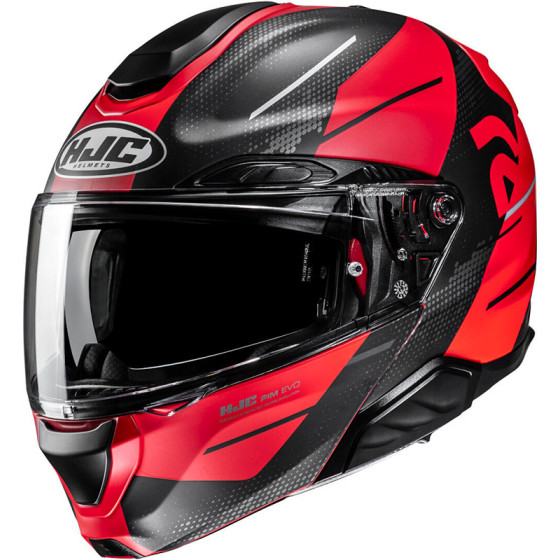 CASCO HJC RPHA 91 BLAT MC1SF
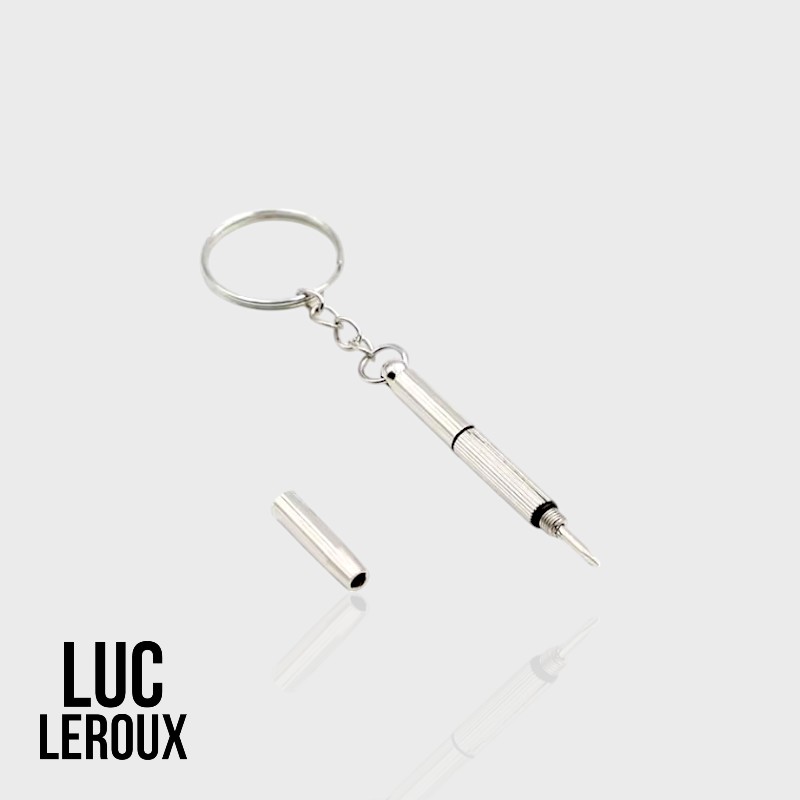 Le Marais Sunglasses | LUC LEROUX - Image 11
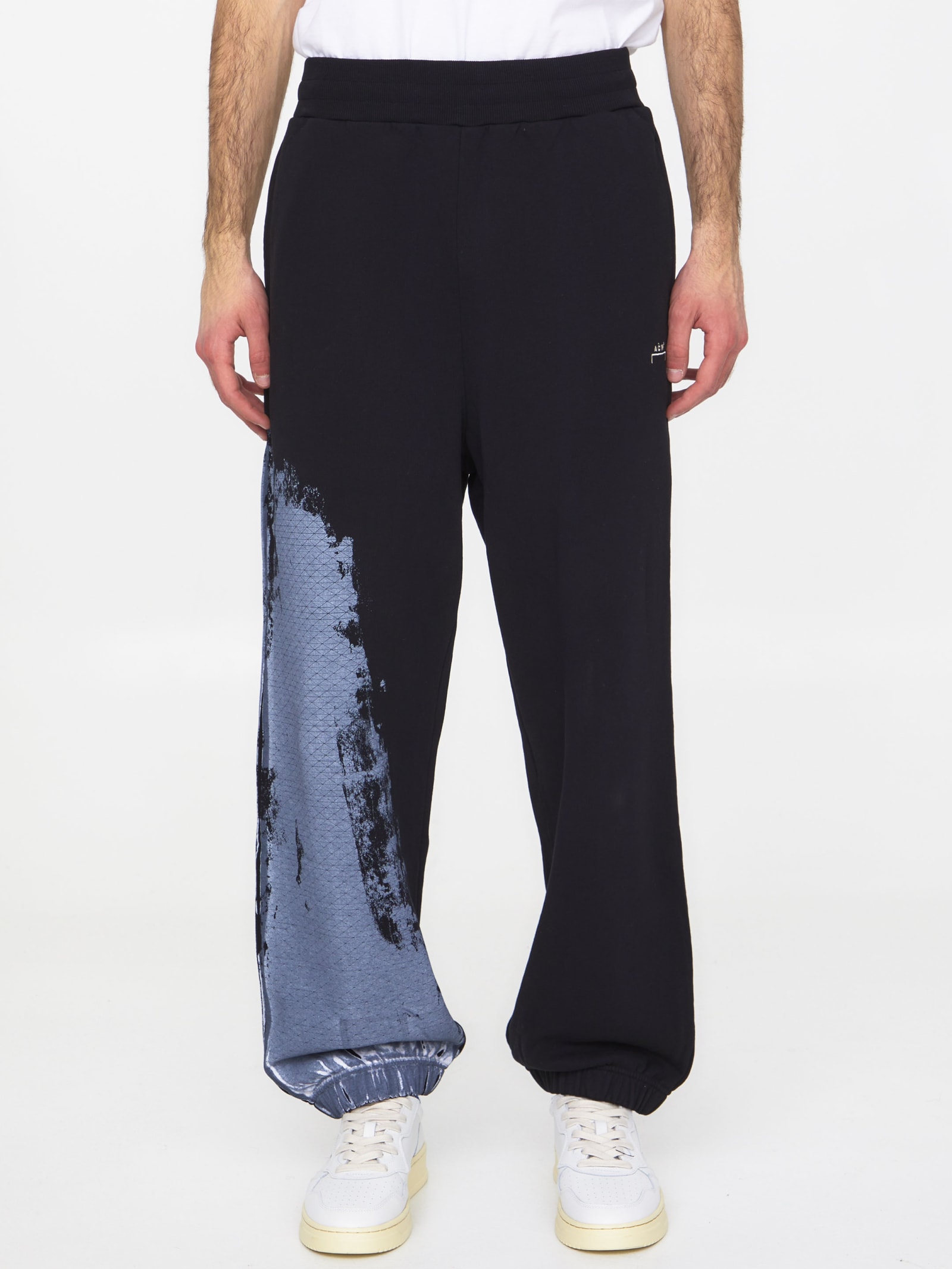 A-COLD-WALL* BRUSHSTROKE TRACK PANTS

HOW TO COMPLETE THIS TASK » Give again, exactly, each line from the one that contains "Le Marais Sunglasses | LUC LEROUX - Image 11" through the last line of the material above. Pictures do not belong in the copy.

RESULT FOR THIS EXERCISE »
 Le Marais Sunglasses | LUC LEROUX - Image 11
 A-COLD-WALL* BRUSHSTROKE TRACK PANTS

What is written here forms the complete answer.